Rebecca Lolosoli is the matriarch of the Umoja Women's Village and an advocate for women's rights. Growing up as a member of the Samburu tribe, Lolosoli attended primary school and then nursing school but dropped out early on due to lack of money to pay the fees.
Rebecca Lolosoli married at the age of 18. She later started her own business selling goods and began speaking up about helping women who were victims of rape by British soldiers training nearby her home. For doing those things, neighborhood men came and beat her. When her husband did not protest the beatings, she left him.
Founder and Matriarch of Umoja Women's Village Rebecca Lolosoli
Photo by David Smoler
Lolosoli, along with several other women who are also survivors of violence, established the women's village of Umoja, which means “unity” in Swahili. To sustain themselves, they sell beadwork and open their village as a tourist attraction. With the money they earned, they built a school for their children and those in surrounding villages, and eventually purchased the land they live on.

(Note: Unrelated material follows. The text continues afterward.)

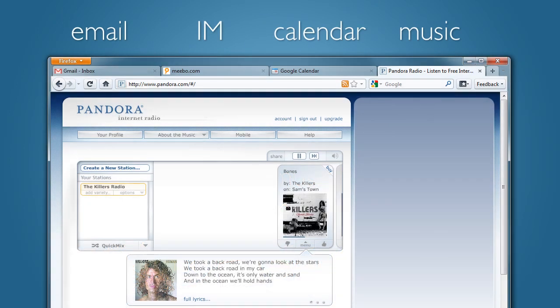Increasingly, users are living inside of their web browser, and they use web applications for their email, instant messaging, viewing their calendar and listening to music, as well as other more specialized applications. But unfortunately, this ends up taking up your entire tab strip, and there isn't much room for your day-to-day activities on the web.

Lolosoli has been repeatedly elected as chairperson of the village and is also chair of her local chapter of Maendeleo Ya Wanawake Organization (MYWO), a non-profit, volunteer group working to improve the lives of women and youth in Kenya. Lolosoli received the Global Leadership Award from Vital Voices in 2010. She continues to fight for a woman's right to make decisions, own land and run a business, and she works tirelessly to end harmful and unsafe cultural practices and violence against women.
Because of drought in the area, Lolosoli and her village have worked to decrease their reliance on cattle, which die or are stolen in times of drought. They now have a chicken coop, and the women sell the eggs at a local market – providing both income and protein to the women and children in the village.
Lolosoli plans to run for local office and will be the first Samburu woman ever to do so.